ABOUT THIS EXERCISE
Could you retype exactly the line containing "In the video" and every line after it in the data below, leaving out the pictures?

RECORDS SHOWN
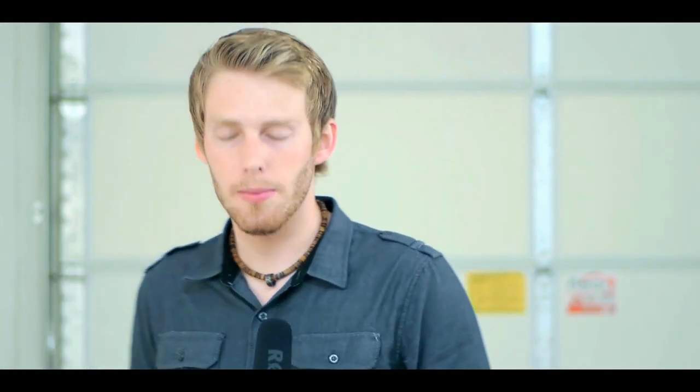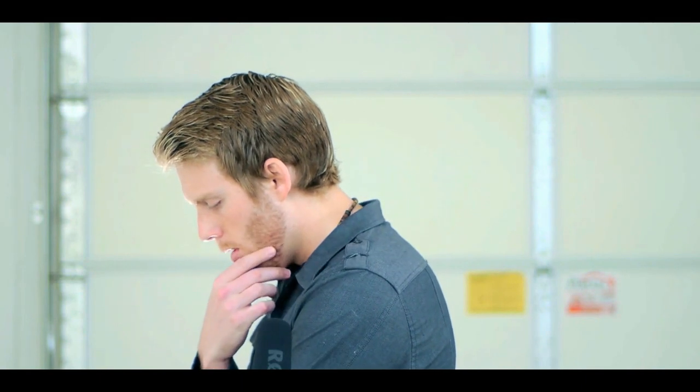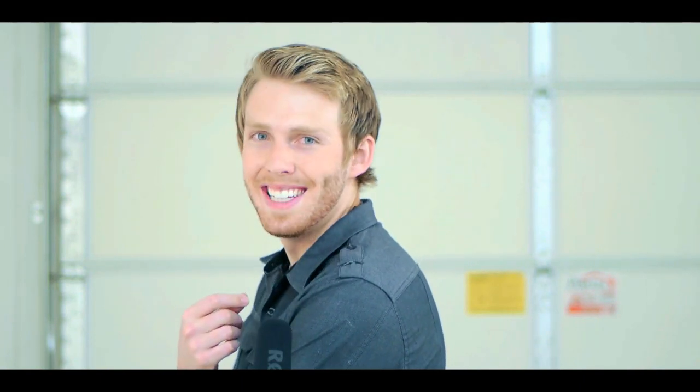Alright, first things first. We need a photo. When taking a photo, just act natural. Don't try to look like some sort of professional model. But don't worry — when you're done with this video, you're gonna look better than a professional model. Just take something like this. Perfect. That looks really good.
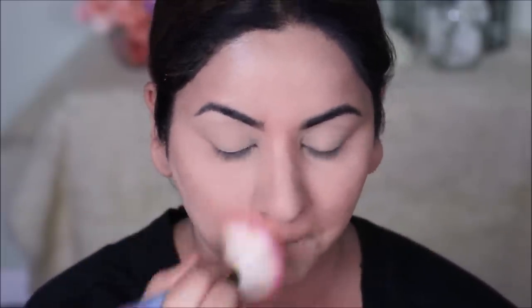With my eyebrows, I'm going to keep it as natural as possible because if you look at her brows, they're very natural, not even filled in. So I'm not filling in mine either — I'm just going to be combing them with a spoolie.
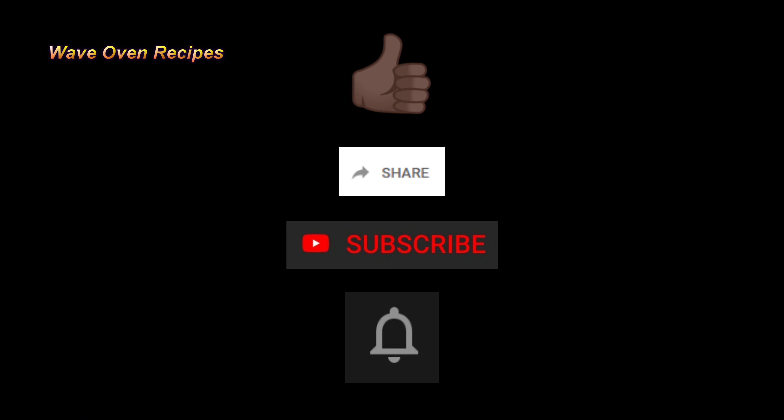In the video description, like I mentioned, you've got links and referral links, and you can also check out merch for this channel. If you like this video, give it a thumbs up, share it with a friend, subscribe to the channel, hit that notification bell, and good eating.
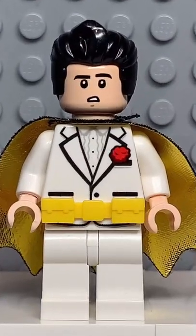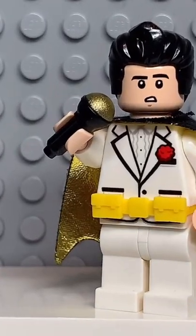And now that we have all the pieces, let's make this minifig. And here we have my Lego Elvis. And for an accessory, I gave him a microphone.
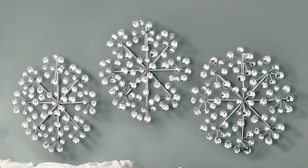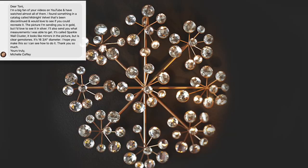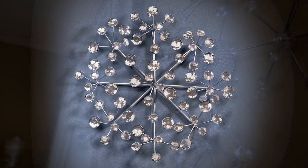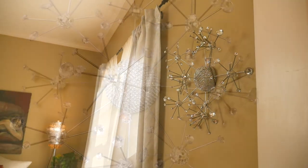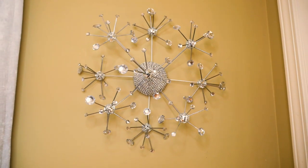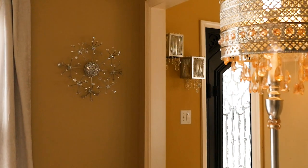Hello everyone! Today I am doing another viewer's request. Recently I got a message from Michelle and she saw something in a catalog called the Sparkle Wall Cluster. She wanted to know if I could show her how to recreate this for her home, but she wanted it in silver. Using a lot of material that I already had, I want to show you how I made my own version of this beautiful Sparkle Wall Cluster and how you can too.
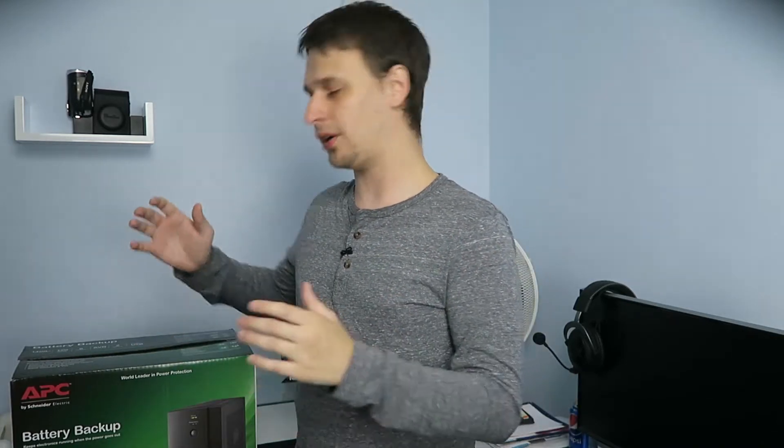The one I'm using is the BX1400UI from APC, who make excellent UPSs. This is one of the larger home office UPSs, rated at 1400 VA. The higher the VA, the longer runtime you'll have in case of a power outage.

SOLUTION TO THE EXERCISE
In the video description, like I mentioned, you've got links and referral links, and you can also check out merch for this channel. If you like this video, give it a thumbs up, share it with a friend, subscribe to the channel, hit that notification bell, and good eating.
And now that we have all the pieces, let's make this minifig. And here we have my Lego Elvis. And for an accessory, I gave him a microphone.
Hello everyone! Today I am doing another viewer's request. Recently I got a message from Michelle and she saw something in a catalog called the Sparkle Wall Cluster. She wanted to know if I could show her how to recreate this for her home, but she wanted it in silver. Using a lot of material that I already had, I want to show you how I made my own version of this beautiful Sparkle Wall Cluster and how you can too.
The one I'm using is the BX1400UI from APC, who make excellent UPSs. This is one of the larger home office UPSs, rated at 1400 VA. The higher the VA, the longer runtime you'll have in case of a power outage.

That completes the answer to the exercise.